Lightroom Video: The Ultimate Trick for Working With Skies
One of Lightroom’s best features for working with skies in your photos is the Graduated Filter. It’s a great way to realistically tame a bright sky without actually using a glass filter on your lens in the field. One of the problems with the Grad filter though (whether you use a real filter or the one in Lightroom), is that it tends to darken anything that goes above your horizon line (like trees or mountains). Well, in this week’s video I’ll walk you through one of the best tips I’ve found with the Grad Filter to help make those skies look great and bring out the detail in anything the filter may have inadvertently darkened. Enjoy and have a great weekend!
Using LightRoom’s graduated filter often works, but with some images it can cause problems. The worst is that it can smear colours. This is worst of all with reds. For example a red flower, a painted door (or a car’s brake light) can gain a faint red cloud around it, spoiling both detail and acutance as well as the colour.
A different way to bring up the sky is to use the local,adjustment tool and, by using a variety of brush sizes, to carefully paint in the sky, then to play with saturation, exposure, contrast, highlight’s and shadows to improve it’s appearance. It is more time consuming, but the rest of the image is unaffected.
Sometimes it is also safe to enhance the sky by increasing the blue saturation and reducing highlights generally.
Finally adding some subtle post-crop vignetting can create nice effect. As well as further enhancing the sky it serves to draw the eye into the frame.
Top geezer. helped a lot, I have so many landscape photos!
Try this before but didn’t know abbot the shadow one
Great video Matt .. thanks for sharing. 🙂
Thanks for sharing all this content. I am fan of your work last couple of years.
Excellent trick! I had never thought of this! I purchased by first lee filter and graduated soft ND, but even that would have had a similar problem!
Great tip!
Thanks for such a neat trick.. never would have thought about moving the other sliders, especially the shadows one.
Great tip Matt.
nice trick, thanks
i am often using nx2 and color efex pro 4 and this problem doesn’t exist. just add a minus upoint and the montains is not touched !!!
ounce again it is a pity nikon left nx2 become so obsolete with respect to lightroom. it had a potential much more powerful than lightroom can do.
nik plugins are similar but need multi-tiff.
ononesuite 7.5 has nice intelligent brush but again, we need tif files.
but as you show in lightroom this is a big problem and i am happy to see a solution exists and i don’t need using tiff and plugin all the times.

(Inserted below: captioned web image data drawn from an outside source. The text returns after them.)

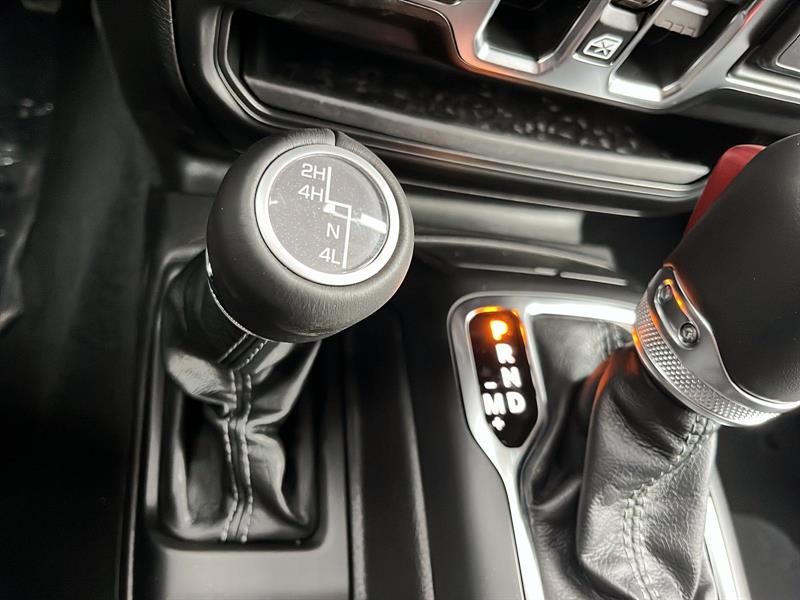 jeep Wrangler 2026 - 22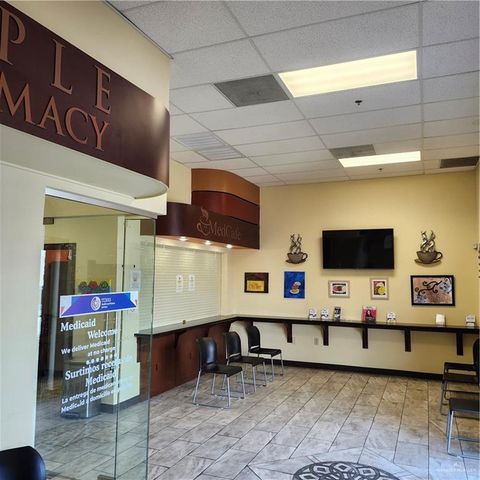 2010 S Cynthia Street 108 A, Mcallen, TX 78501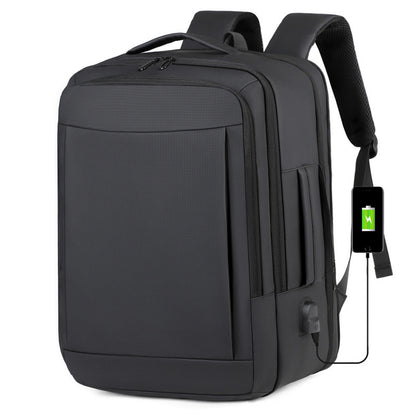 Versatile Travel Backpack Acalora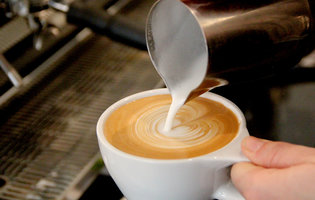 Joe Coffee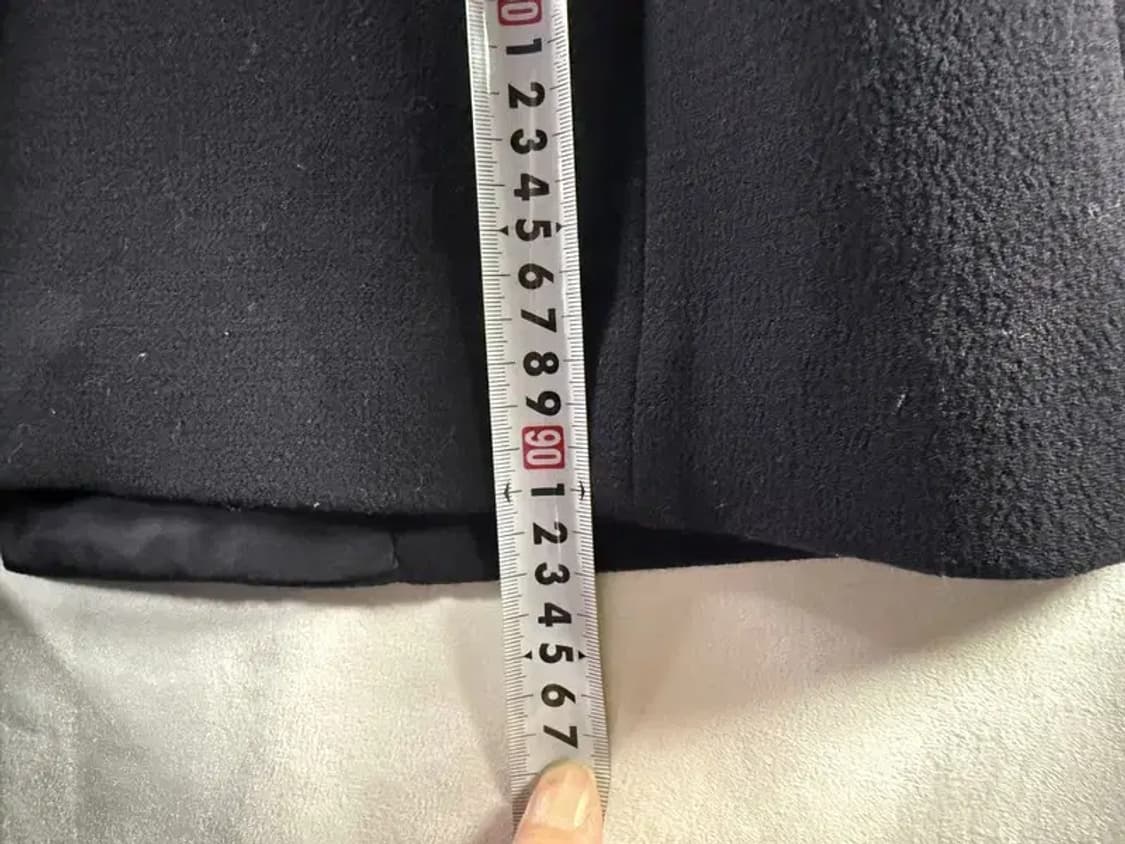 A2326 [ BEANPOLE ] 빈폴 코트 [ SIZE: 90 ] 상품이미지5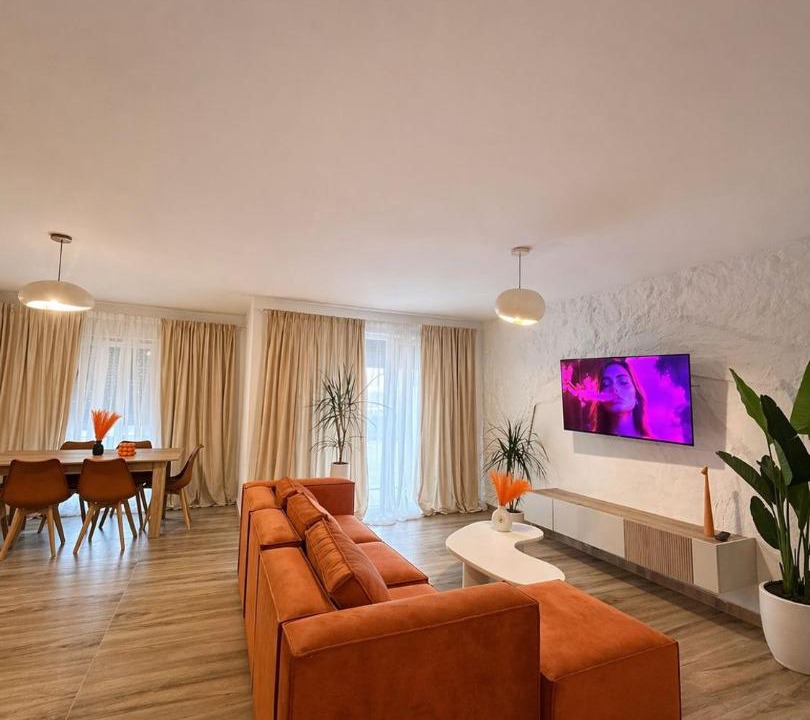 Photo of Livingroom in Golem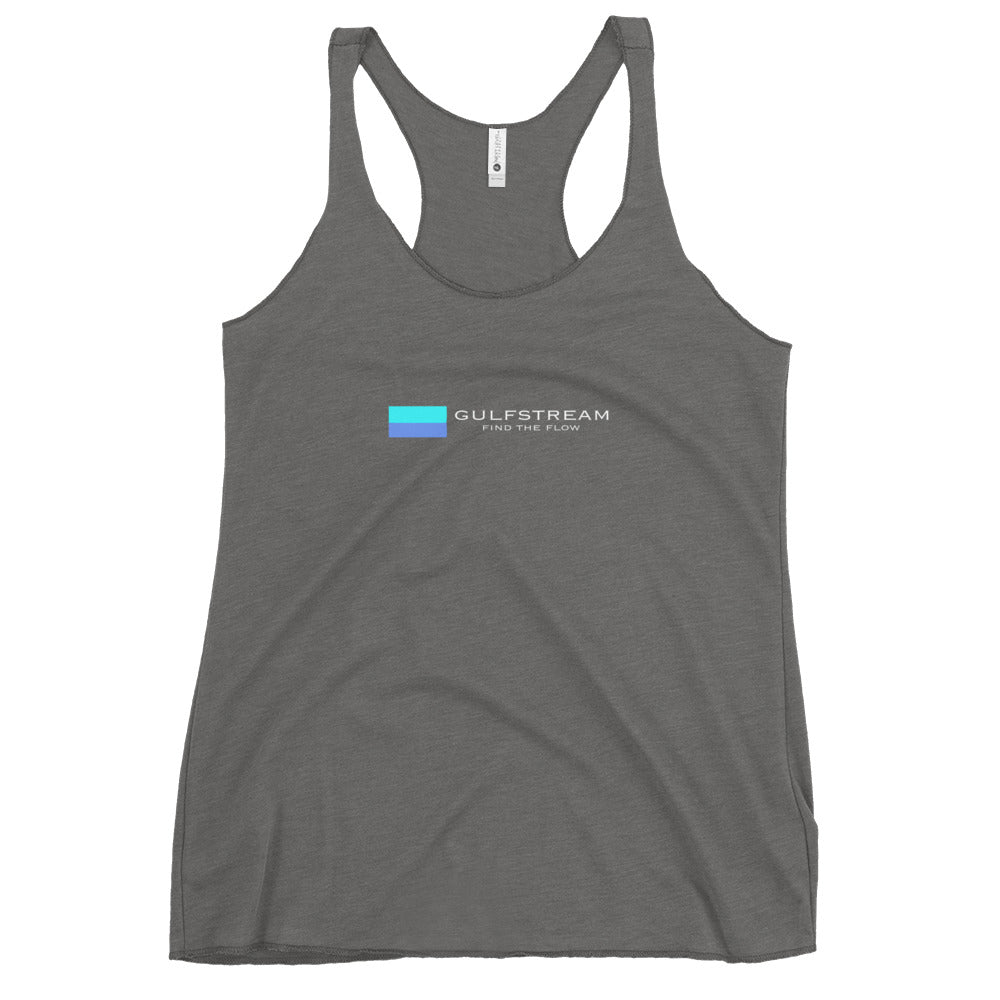 The Elle Kate Collection: Women's Racerback Tank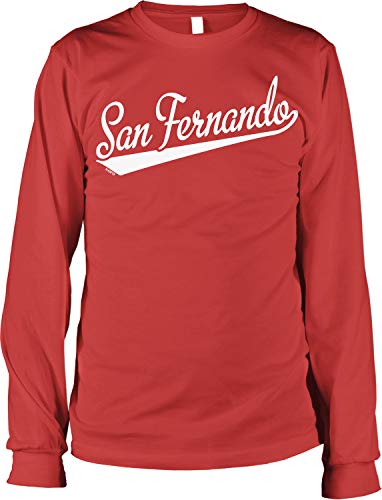 NOFO_02405_Long_XXL_Red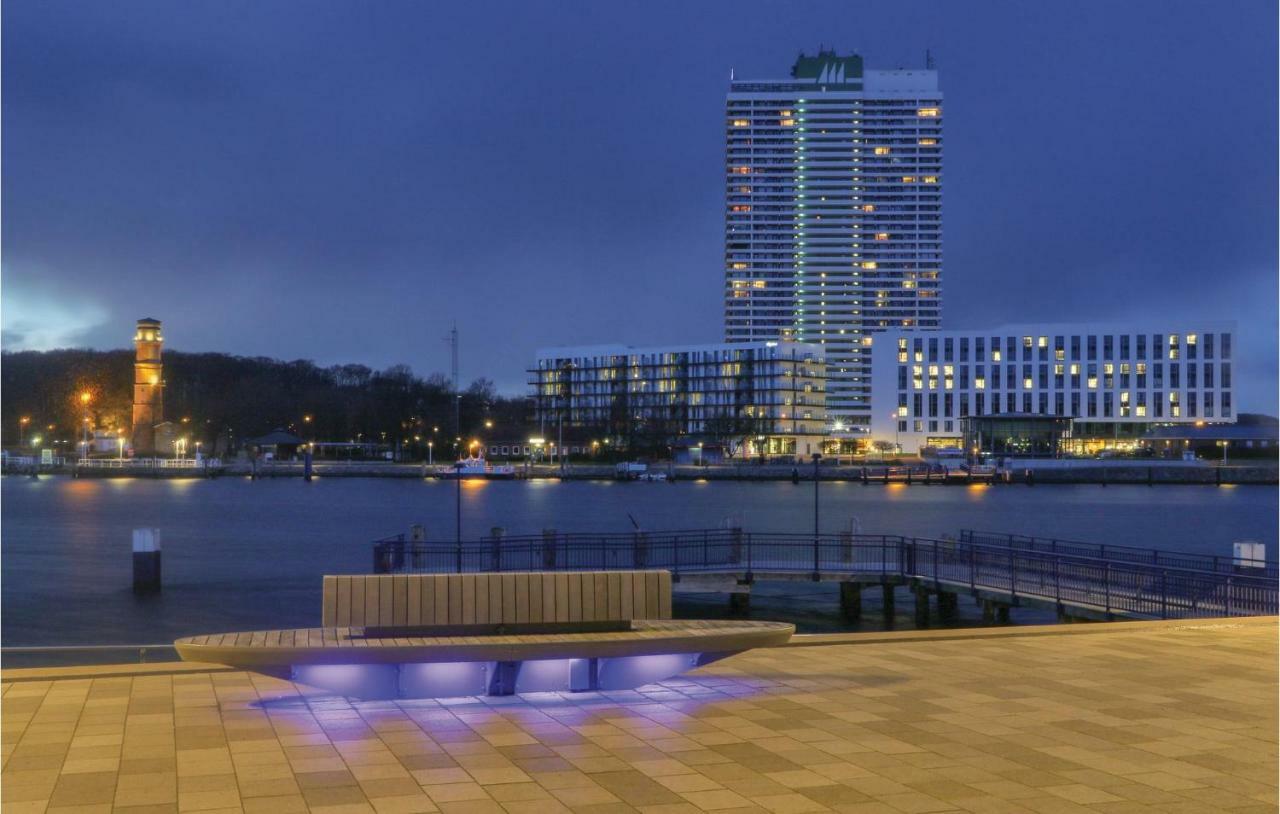 2 Bedroom In Travemuende * Lubeck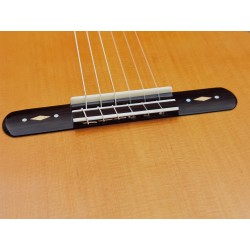 Antonio De Toledo Serie Legado Modelo AAT-18C - Tapa Maciza de Cedro y Fondo y Aros de Cocobolo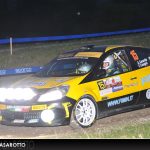 Rally Città di Maniago 2017
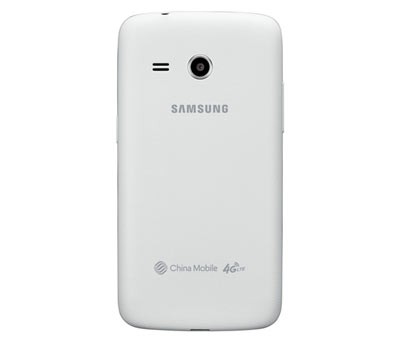 اخبار,گوشی Galaxy Core Mini,اخبار تکنولوژی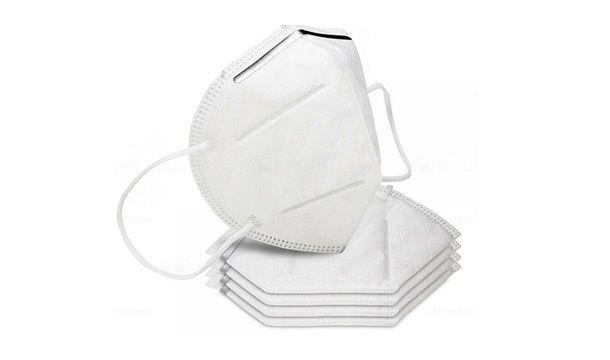 KN95 Face Mask (1 Pack)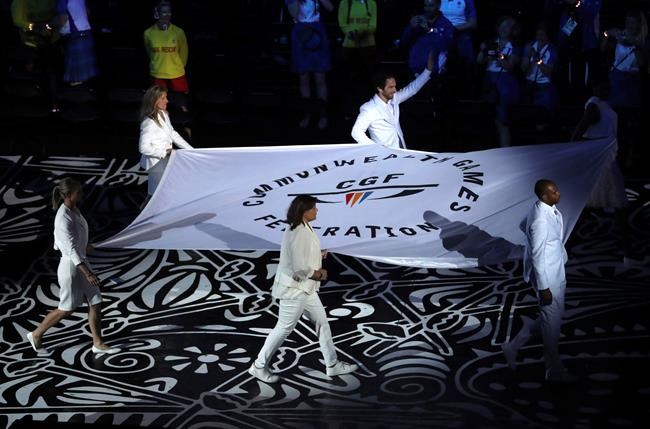 Hamilton's 2030 Commonwealth Games bid leaders mull flip to 2026 | iNFOnews.ca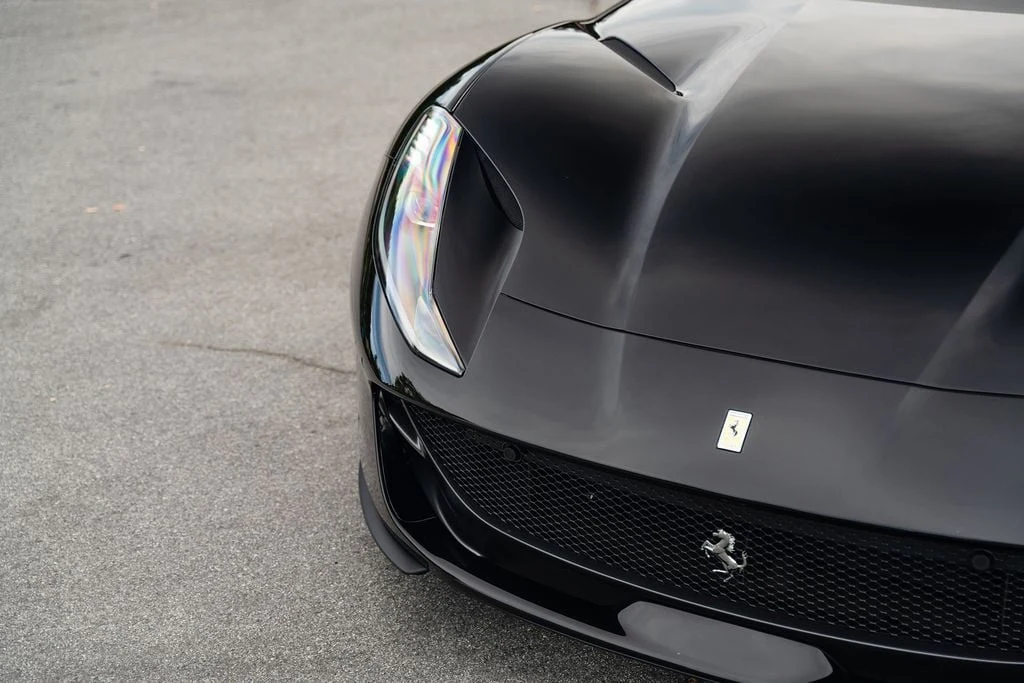 2020 Ferrari 812 Superfast, 7/30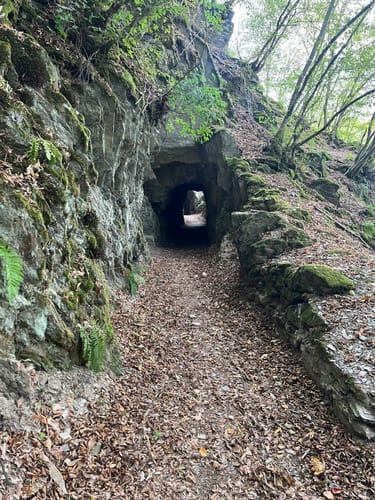 Hahnenbachtal Tour (Traumschleife)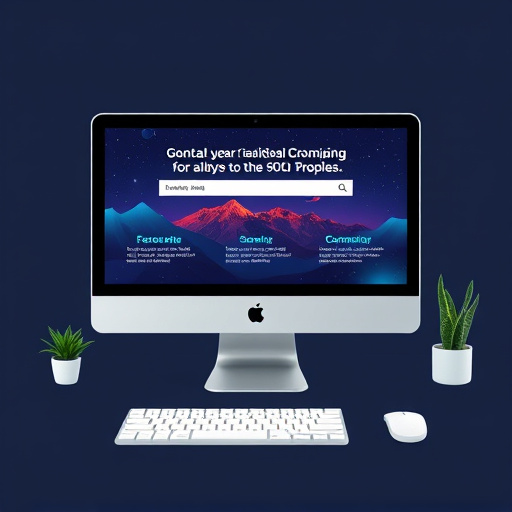 web design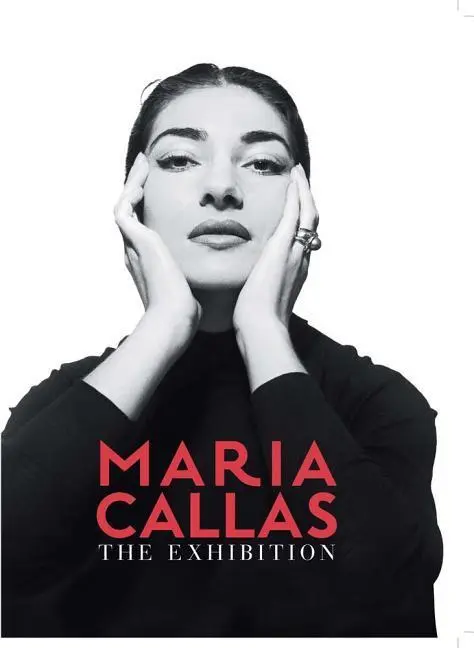 Cover: 9788836633623 | Maria Callas | The Exhibition | Massimiliano Capella | Buch | Gebunden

however i am surprised the solution is so simple.
i thought that you should had taken the brush with an “inverted effect”, hard to find with a gradient, or something like that !!!
best regards
marc
Usefull for me Mat. Thanks
You can also use a little less exposure adjustment and play with the highlights as well. Great tip
Excellent video. So simple to do. Thanks Matt
Neat trick, thanks Mat! As you mentioned in the video I was one of those who missed “Shadow” slider in the Grad filter options.
Wow! I’ve been frustrated over that problem for long time, resorting to brushes. This tip realy is a Killer Tip! Thanx a lot!